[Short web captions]
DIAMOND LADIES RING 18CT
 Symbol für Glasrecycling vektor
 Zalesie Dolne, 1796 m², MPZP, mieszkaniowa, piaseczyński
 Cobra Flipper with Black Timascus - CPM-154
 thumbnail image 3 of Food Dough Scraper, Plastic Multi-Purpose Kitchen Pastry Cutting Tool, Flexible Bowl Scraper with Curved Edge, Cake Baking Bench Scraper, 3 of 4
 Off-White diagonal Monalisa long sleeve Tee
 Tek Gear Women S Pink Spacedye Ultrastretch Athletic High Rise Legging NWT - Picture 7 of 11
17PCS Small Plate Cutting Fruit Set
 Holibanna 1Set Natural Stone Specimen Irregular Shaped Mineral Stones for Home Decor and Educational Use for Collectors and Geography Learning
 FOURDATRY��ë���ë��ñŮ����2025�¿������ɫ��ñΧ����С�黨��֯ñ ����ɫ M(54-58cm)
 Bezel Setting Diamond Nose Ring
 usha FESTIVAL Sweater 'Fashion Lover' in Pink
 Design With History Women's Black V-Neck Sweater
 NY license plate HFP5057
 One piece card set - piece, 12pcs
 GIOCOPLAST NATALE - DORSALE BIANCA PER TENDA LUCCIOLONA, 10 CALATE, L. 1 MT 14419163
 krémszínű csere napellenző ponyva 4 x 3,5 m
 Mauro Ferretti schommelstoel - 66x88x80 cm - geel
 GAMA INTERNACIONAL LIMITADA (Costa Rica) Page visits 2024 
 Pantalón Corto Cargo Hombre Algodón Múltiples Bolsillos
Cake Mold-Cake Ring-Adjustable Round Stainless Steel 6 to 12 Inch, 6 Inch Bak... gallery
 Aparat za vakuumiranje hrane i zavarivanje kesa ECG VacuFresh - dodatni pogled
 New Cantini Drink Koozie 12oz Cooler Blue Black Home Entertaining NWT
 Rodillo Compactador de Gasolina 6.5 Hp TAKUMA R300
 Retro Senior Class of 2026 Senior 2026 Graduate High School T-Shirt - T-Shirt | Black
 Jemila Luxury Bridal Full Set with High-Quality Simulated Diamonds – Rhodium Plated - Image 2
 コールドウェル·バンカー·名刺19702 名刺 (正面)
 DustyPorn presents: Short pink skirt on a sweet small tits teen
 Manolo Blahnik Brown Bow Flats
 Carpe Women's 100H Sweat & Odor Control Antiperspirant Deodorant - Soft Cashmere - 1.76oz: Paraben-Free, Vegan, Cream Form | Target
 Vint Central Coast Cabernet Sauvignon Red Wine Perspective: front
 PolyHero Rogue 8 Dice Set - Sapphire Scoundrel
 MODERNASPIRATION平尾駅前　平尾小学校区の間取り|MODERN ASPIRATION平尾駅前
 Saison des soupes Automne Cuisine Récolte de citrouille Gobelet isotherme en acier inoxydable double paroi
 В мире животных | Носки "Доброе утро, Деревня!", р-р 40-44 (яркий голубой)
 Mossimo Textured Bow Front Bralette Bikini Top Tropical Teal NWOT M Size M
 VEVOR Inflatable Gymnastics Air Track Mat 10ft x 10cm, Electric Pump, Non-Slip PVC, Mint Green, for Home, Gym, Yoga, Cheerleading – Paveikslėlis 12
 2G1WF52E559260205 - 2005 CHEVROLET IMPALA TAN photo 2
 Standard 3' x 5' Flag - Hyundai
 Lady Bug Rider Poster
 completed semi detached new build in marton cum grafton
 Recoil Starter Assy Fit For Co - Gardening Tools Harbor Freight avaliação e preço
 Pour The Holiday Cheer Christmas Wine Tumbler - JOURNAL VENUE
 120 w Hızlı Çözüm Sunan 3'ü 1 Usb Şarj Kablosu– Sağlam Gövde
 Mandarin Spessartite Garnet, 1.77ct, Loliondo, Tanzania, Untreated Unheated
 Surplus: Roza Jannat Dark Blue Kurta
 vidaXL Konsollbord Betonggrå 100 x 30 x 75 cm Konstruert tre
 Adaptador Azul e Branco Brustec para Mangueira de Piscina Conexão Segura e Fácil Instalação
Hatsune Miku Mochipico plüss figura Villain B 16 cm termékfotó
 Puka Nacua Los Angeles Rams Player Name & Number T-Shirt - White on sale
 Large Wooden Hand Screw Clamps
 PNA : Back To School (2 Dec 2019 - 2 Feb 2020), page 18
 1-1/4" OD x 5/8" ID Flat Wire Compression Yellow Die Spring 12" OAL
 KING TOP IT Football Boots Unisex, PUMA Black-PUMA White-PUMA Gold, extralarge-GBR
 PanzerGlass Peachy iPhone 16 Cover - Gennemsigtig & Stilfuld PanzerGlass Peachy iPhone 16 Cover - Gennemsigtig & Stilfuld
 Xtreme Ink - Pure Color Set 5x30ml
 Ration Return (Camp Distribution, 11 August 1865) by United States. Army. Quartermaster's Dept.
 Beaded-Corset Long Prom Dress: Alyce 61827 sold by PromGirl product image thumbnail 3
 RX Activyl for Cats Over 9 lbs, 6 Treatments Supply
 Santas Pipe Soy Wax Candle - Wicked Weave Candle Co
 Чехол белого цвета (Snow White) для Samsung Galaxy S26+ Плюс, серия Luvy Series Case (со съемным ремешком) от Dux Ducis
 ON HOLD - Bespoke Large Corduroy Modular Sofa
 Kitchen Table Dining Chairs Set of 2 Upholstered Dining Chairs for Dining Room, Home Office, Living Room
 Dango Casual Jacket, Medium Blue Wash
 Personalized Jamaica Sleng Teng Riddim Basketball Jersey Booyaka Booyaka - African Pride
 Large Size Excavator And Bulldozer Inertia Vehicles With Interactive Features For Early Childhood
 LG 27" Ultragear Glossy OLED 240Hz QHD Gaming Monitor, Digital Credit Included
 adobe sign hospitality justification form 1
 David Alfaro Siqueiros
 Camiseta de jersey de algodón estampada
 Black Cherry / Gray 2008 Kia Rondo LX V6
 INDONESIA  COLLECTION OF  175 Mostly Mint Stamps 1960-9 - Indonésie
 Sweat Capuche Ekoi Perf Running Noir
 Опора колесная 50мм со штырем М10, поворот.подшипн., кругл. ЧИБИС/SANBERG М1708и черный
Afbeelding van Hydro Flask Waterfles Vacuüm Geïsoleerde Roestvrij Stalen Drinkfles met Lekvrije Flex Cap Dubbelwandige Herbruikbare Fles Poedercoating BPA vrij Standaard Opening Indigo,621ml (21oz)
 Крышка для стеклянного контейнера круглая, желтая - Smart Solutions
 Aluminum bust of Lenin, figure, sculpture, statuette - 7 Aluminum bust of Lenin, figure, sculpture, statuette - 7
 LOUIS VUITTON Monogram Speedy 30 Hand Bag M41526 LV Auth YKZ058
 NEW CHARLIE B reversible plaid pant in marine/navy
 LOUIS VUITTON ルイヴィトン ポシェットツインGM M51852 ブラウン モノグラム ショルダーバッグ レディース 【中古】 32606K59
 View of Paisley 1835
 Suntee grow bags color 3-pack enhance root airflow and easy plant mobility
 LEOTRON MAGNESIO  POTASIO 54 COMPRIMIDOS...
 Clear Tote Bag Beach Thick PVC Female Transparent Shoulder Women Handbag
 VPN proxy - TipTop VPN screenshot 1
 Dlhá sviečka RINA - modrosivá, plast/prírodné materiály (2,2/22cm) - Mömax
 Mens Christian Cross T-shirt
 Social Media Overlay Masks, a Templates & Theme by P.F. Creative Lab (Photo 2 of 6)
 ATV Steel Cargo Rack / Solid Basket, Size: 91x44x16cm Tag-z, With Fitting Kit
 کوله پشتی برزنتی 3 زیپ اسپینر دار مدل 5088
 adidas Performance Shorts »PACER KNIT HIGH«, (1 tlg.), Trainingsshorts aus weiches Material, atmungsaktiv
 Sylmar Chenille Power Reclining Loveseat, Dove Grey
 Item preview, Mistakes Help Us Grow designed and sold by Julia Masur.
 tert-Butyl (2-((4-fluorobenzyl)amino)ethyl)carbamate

— EXERCISE OBJECTIVE —
Your answer must be the line holding "Опора колесная 50мм" plus every later line to the end of the records, copied exactly.

— FINISHED TASK —
 Опора колесная 50мм со штырем М10, поворот.подшипн., кругл. ЧИБИС/SANBERG М1708и черный
Afbeelding van Hydro Flask Waterfles Vacuüm Geïsoleerde Roestvrij Stalen Drinkfles met Lekvrije Flex Cap Dubbelwandige Herbruikbare Fles Poedercoating BPA vrij Standaard Opening Indigo,621ml (21oz)
 Крышка для стеклянного контейнера круглая, желтая - Smart Solutions
 Aluminum bust of Lenin, figure, sculpture, statuette - 7 Aluminum bust of Lenin, figure, sculpture, statuette - 7
 LOUIS VUITTON Monogram Speedy 30 Hand Bag M41526 LV Auth YKZ058
 NEW CHARLIE B reversible plaid pant in marine/navy
 LOUIS VUITTON ルイヴィトン ポシェットツインGM M51852 ブラウン モノグラム ショルダーバッグ レディース 【中古】 32606K59
 View of Paisley 1835
 Suntee grow bags color 3-pack enhance root airflow and easy plant mobility
 LEOTRON MAGNESIO  POTASIO 54 COMPRIMIDOS...
 Clear Tote Bag Beach Thick PVC Female Transparent Shoulder Women Handbag
 VPN proxy - TipTop VPN screenshot 1
 Dlhá sviečka RINA - modrosivá, plast/prírodné materiály (2,2/22cm) - Mömax
 Mens Christian Cross T-shirt
 Social Media Overlay Masks, a Templates & Theme by P.F. Creative Lab (Photo 2 of 6)
 ATV Steel Cargo Rack / Solid Basket, Size: 91x44x16cm Tag-z, With Fitting Kit
 کوله پشتی برزنتی 3 زیپ اسپینر دار مدل 5088
 adidas Performance Shorts »PACER KNIT HIGH«, (1 tlg.), Trainingsshorts aus weiches Material, atmungsaktiv
 Sylmar Chenille Power Reclining Loveseat, Dove Grey
 Item preview, Mistakes Help Us Grow designed and sold by Julia Masur.
 tert-Butyl (2-((4-fluorobenzyl)amino)ethyl)carbamate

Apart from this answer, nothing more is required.